Here are some pictures!
Jersey-knit pants

This moss was really tiny!

A very cute operculum!

When I knocked off the operculum, millions of spores flipped out

Another capsule pic

Baked Bugs (what I found in the light fixture while changing light bulbs)

I really wish I knew more about insects

But I can't even come close on these

This looks like a fly to me, but so many things do. It was tiny tiny tiny!

And these things are flying around my house! Just a few millimeters long.

I might have actually figured this one out, maybe -- a kind of flying aphid, invaded from another continent. Maybe.

This doesn't look like something that could get up that high. Weird.

Looks waspy, no?

Dead insects galore. Almost the size of dust.






Here we go, something more familiar! A hairy leaf vein (species unknown).

I tried to do an epidermal peel but this magnification is really not even close to high enough.

Closeup of a sunflower petal

The bottom of a sunflower petal (it's a flower of course)

An inner flower of that same sunflower

Cheerios! :)

Thread!

pencil

Tablecloth (which reminds me I should have put up pictures of things normal size for comparison)

onion peel

Apple skin (some things work better than others...this is bland)

The cat is bored

Mold on an old apple I found 

Bird poop :)

A shell from the beach

More protective leaf spines

leaf hairs

Kleenex

Really bad lighting on my purple sponge...

Friday, April 24, 2015

The love of my life

I finally got a piano! Well, that's how I justify the cost, anyway. Q took me to a luthier's shop and I played some basic classical pieces on this beauty. It was stunning. The sound is amazing. It's clear and deep and mellow. We decided it was way too expensive, and we'd wait to buy it. It was our 15th marriage anniversary on Wednesday, and Q phoned me from the mall where he was "looking for some perfume" for me. I hate perfume. What a joker. What he'd really done was pick up this guitar.

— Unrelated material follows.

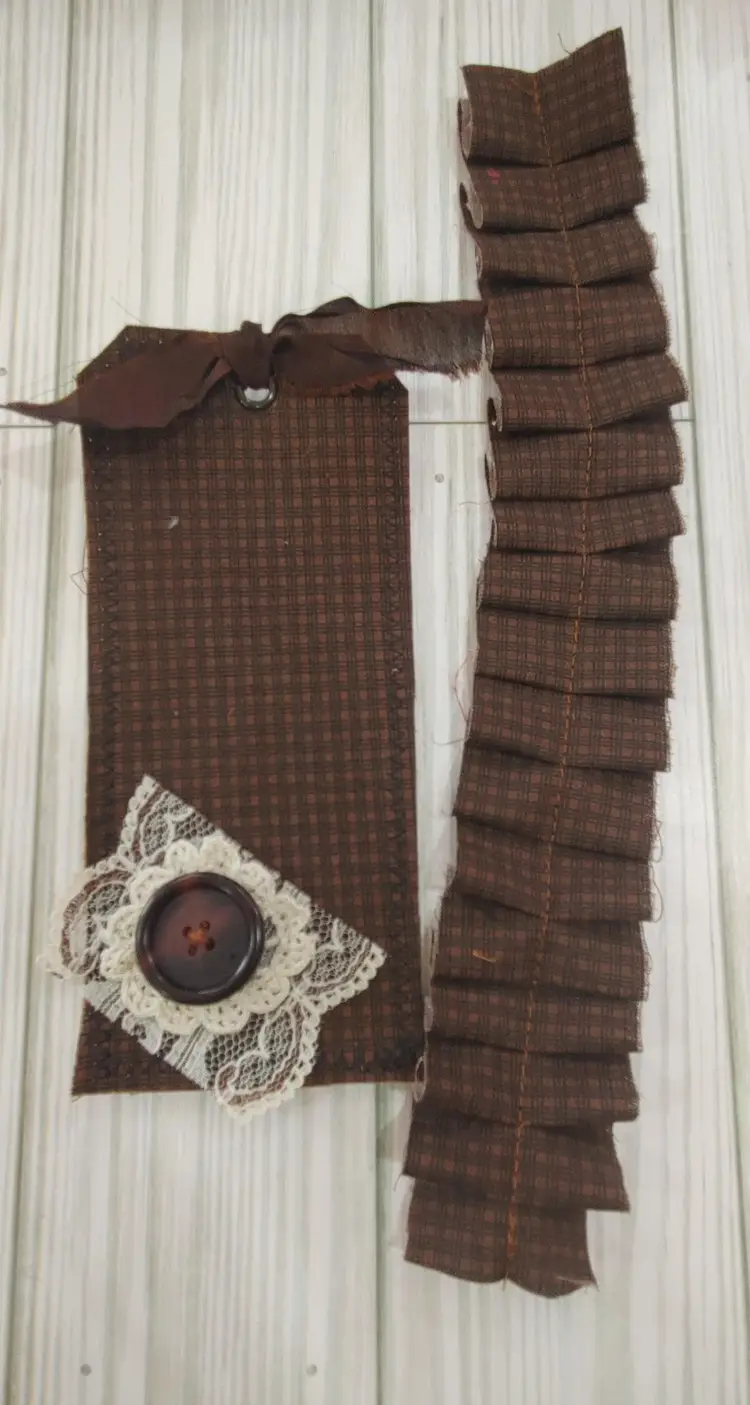 Autumn Tag With Matching Fabric Ruffle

Not only is it beautiful, it's amazing. Wonderful, stunning, and intimidating. It has a 500 year old Colorado Blue Spruce top, blister Koa back, and an ebony fretboard. The builder focuses on wood and sound rather than finish, so it's not ornamented much, which suits my personality perfectly. All my musical mistakes stand out like sore thumbs when I'm playing this, but it sings like an angel. I'm really excited to finish Frederick Node Book One and move on to book two!

Q and I played Summertime together with my guitar playing bass and he with the lead on his spruce top. It was so much fun! When we get it sounding good, we'll put up a recording. So so much fun!